Mean Integrated Squared Error Sampling
研究了使用均值积分平方误差替代均方误差的分层抽样方法,以截断级数估计整个分布,并推广了无放回抽样的级数项包含规则。通过二元向量和连续分布两个特例,展示了该方法在小样本下误差更小,且样本量选择规则与传统方法差异显著。
Abstract Stratified sampling is considered, where (a) the mean integrated squared error (MISE) metric is used in place of the mean squared error (MSE) metric; (b) the entire distribution [i.e., f(x)], rather than a property of the distribution [e.g., E(x)], is used as a target of the procedure; (c) the distribution f(x) is estimated by a truncated series (to counterbalance model complexity with sample size availability); and finally, (d) samples are taken both with and without replacement. In the last regard, series term inclusion rules are generalized to deal with samples taken without replacement from a finite population.

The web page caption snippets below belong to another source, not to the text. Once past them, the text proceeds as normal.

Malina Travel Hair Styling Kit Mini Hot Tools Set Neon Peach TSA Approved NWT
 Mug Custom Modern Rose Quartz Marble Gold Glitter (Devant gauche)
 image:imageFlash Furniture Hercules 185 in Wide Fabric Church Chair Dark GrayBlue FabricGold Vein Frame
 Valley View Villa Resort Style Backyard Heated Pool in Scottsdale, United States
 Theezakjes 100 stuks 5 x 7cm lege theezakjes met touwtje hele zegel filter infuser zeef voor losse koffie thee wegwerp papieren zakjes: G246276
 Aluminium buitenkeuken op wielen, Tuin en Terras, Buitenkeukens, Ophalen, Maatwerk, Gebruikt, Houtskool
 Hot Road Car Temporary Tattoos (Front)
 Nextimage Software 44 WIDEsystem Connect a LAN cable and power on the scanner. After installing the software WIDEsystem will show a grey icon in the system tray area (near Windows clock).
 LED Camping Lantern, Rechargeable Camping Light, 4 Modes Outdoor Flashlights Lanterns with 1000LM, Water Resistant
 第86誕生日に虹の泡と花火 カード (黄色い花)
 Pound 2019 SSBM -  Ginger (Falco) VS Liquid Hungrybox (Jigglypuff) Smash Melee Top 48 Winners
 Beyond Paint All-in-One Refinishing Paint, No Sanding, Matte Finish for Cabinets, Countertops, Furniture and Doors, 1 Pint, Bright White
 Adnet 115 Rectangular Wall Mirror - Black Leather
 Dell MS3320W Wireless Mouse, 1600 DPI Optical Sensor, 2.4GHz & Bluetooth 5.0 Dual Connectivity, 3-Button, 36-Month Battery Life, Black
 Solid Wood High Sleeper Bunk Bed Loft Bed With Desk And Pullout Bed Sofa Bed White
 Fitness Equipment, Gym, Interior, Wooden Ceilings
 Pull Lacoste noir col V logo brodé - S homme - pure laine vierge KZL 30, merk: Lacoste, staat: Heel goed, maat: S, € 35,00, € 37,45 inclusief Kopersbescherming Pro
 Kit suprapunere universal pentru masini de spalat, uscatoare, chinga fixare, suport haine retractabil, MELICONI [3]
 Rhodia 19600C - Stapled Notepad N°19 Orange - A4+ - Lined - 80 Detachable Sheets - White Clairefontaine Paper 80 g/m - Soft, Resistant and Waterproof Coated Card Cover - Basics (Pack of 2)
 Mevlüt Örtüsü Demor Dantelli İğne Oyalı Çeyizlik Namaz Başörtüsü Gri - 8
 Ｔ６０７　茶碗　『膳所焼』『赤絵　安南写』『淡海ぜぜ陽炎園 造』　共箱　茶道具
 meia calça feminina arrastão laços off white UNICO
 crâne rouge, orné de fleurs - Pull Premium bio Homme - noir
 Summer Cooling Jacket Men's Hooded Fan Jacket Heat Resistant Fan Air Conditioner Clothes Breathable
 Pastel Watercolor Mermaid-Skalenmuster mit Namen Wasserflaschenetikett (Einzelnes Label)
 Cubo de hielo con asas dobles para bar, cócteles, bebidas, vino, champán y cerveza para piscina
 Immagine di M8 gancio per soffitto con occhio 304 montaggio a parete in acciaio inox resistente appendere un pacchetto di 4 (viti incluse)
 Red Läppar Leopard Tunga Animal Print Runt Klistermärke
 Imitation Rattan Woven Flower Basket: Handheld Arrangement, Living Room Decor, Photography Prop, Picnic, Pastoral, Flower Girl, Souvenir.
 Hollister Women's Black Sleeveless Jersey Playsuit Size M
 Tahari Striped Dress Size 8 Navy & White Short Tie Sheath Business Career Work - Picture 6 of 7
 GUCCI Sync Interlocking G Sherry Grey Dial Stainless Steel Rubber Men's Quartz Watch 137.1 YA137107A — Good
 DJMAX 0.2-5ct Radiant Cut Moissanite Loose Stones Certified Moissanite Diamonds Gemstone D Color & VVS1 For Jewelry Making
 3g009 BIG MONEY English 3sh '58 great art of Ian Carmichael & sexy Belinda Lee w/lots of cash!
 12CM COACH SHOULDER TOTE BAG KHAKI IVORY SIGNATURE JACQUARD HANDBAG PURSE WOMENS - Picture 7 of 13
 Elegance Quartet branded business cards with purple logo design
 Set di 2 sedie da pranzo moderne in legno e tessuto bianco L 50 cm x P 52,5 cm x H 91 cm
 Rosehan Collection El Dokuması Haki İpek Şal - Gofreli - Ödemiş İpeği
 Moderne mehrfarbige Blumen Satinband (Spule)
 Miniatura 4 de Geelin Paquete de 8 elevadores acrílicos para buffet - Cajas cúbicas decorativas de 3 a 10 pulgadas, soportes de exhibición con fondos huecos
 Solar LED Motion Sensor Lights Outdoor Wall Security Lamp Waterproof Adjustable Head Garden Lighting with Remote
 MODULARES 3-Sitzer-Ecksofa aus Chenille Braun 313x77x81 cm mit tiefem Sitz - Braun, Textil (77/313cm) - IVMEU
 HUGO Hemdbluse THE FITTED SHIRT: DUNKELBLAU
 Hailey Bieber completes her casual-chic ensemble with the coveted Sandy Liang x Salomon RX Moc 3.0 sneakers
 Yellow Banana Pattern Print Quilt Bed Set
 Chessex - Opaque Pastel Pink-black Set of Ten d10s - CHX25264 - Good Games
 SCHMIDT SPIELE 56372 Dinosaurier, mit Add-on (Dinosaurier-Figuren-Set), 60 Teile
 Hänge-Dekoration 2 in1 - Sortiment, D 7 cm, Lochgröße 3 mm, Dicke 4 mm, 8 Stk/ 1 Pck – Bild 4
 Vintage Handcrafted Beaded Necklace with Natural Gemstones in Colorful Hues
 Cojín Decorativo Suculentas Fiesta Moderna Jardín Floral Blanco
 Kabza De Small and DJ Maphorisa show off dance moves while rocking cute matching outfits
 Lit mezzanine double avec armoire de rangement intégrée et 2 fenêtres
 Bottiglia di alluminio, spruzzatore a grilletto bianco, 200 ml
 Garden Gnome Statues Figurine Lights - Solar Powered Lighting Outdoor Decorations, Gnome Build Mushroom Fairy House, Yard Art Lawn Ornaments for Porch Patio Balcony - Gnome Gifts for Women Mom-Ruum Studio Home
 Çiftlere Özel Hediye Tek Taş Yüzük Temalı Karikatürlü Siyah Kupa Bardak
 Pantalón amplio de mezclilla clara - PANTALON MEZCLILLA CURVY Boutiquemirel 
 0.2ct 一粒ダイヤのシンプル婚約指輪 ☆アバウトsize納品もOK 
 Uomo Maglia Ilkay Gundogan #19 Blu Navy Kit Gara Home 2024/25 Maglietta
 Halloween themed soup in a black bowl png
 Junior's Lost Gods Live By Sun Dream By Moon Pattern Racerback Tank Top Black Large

Two special cases are treated in detail. The first shows that even for sample sizes as small as three and for data forms as elementary as the bivariate binary vectors, the use of orthogonal series representation can lead to smaller expected error than would be achievable through use of conventional representation and methods. The second demonstrates that in the continuous case, MISE-based and conventional sample size selection rules can differ substantially.